A graduate of Brooklyn College ('74), of the University of Pennsylvania's Annenberg School for Communication ('76), and of NYU (Ph.D. '81), Marc Salem for ten years did research for the Children's Television Workshop (i.e., "Sesame Street") on how children's minds work. For the past 15 years he's been a Professor of Communications Research at Marymount Manhattan College, doing extracurricular MindGames gigs at cabarets, corporate events, and what he calls "soirees," meaning parties. At one such soiree he was asked by producer Anita Waxman (who co-produces this show with David Richenthal and Jeffrey Ash) if he'd like to tackle an Off-Broadway booking, a proposal that blew his mind.

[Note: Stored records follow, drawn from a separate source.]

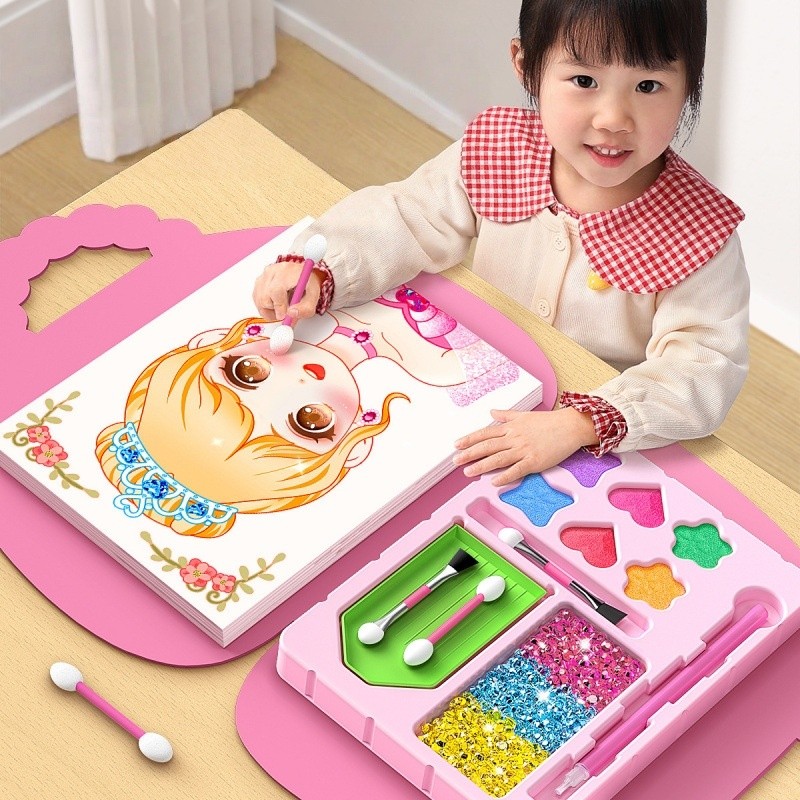 Kit de Maquiagem Infantil para Meninas, Brinquedos Cosméticos Princesa, Presente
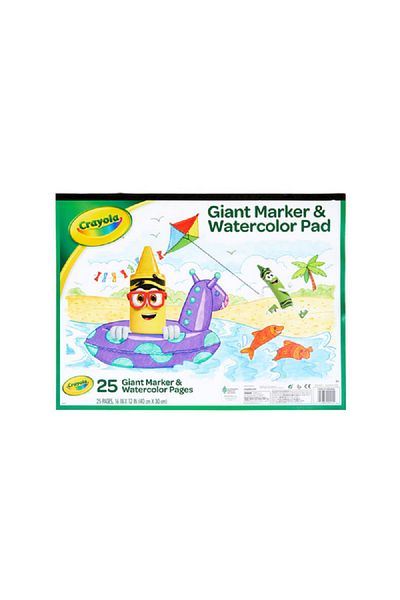 Crayola 25-Page Giant Marker and Watercolor Pad White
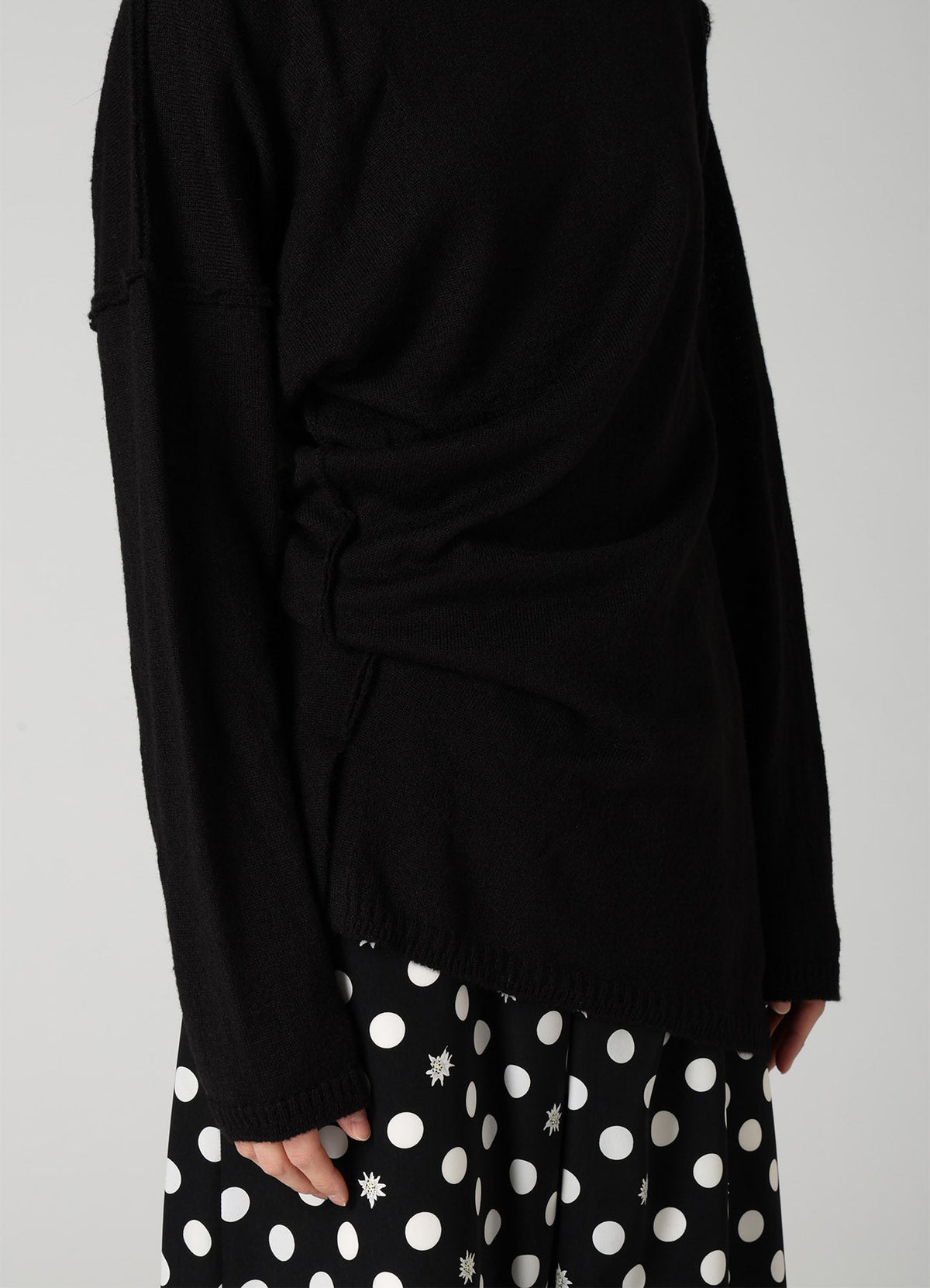 12G JERSEY TWISTED KNIT PULLOVER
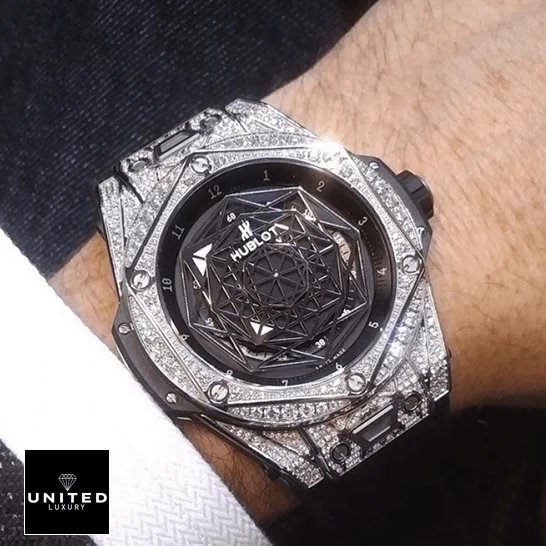 Hublot Big Bang Hublot Big Bang Diamond Bezel Titanium 415_NX_1112_VR_1704_MXM17 Replica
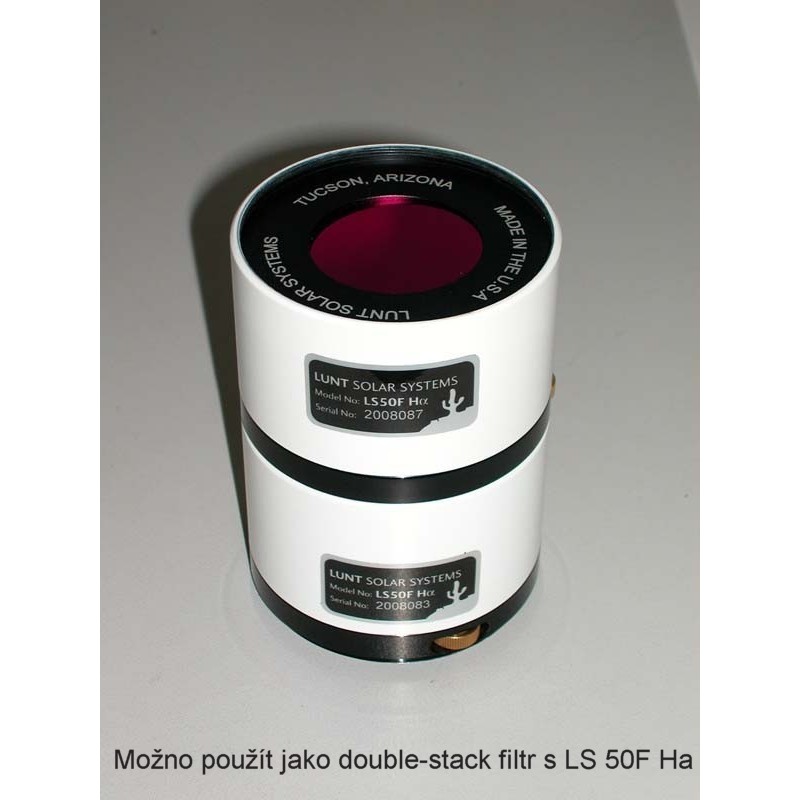 LUNT LS50FHa H-alpha double-stack sluneční filtr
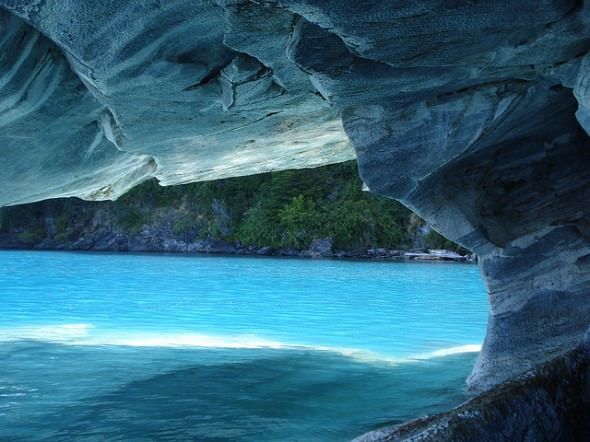 The Lake Carrera Makes Some Incredible Marble Structures
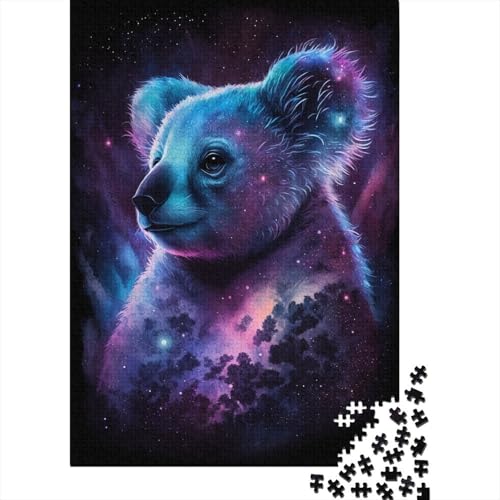 Galaxy Animal Koala Puzzle, Familienspaß, 100% recycelter Karton, Puzzle für Kinder und Erwachsene ab 12 Jahren, 300 Teile (40 x 28 cm) von TBDUEPS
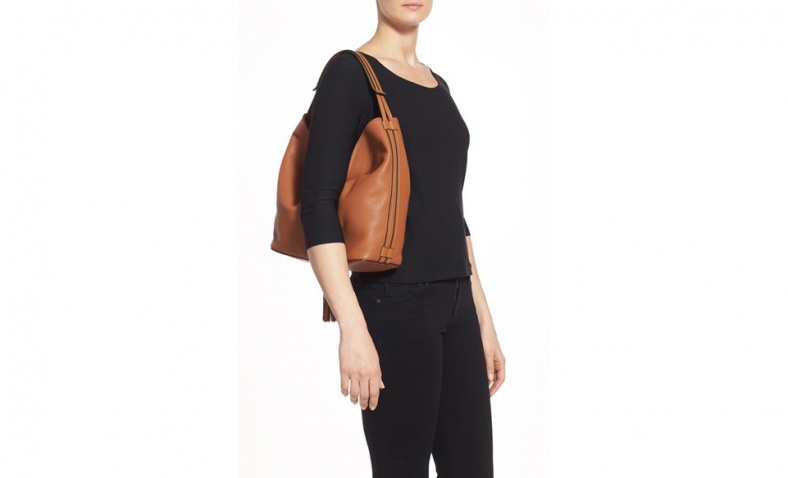 Rebecca Minkoff Clark Hobo Shoulder Bag, Almond, One Size$119.99
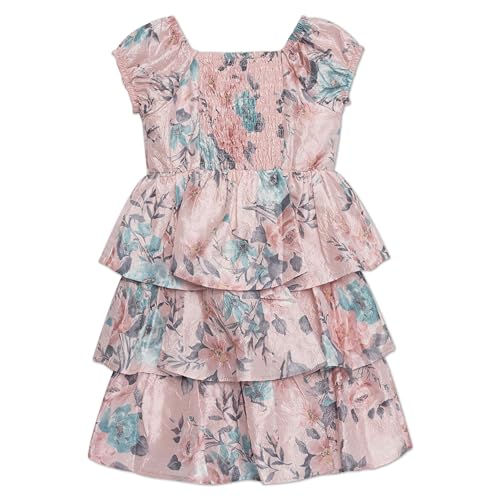 Speechless Girls' Short Sleeve Crinkle Satin Party Dress2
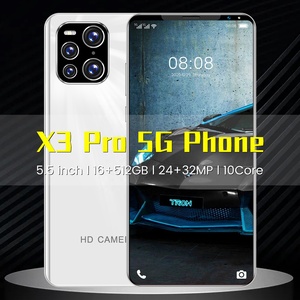 2022 cina a buon mercato popolare Hot <span class=keywords><strong>X3</strong></span> Pro 5.5 pollici H-D schermo 5G cellulare Deca Core Android 10.1 cellulare 16GB + 512GB cellulare - Product Image 3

"I love theatricality, I love the mind, I love teaching," Salem says. "I think of the classroom as a theatre, theatre as a classroom. To me, I am a teacher and an entertainer who accentuates the abilities of the mind. There's nothing supernatural in all this. I work with probabilities, watching as a writer would for words and motions, for clues, guiding certain thoughts.

"If there's a sixth sense beyond that I think it's my sense of humor." Indeed, his patter is one of the strong points of the show. And he is having a ball at the Westside. "Each night I walk out and say to myself: 'I wonder what they have for me tonight?' This is a show with a cast of 250. It's not a one-man show."

Yeah, yeah. But let any of those 250 get up there, triple-blindfolded, and do what Marc Salem can do.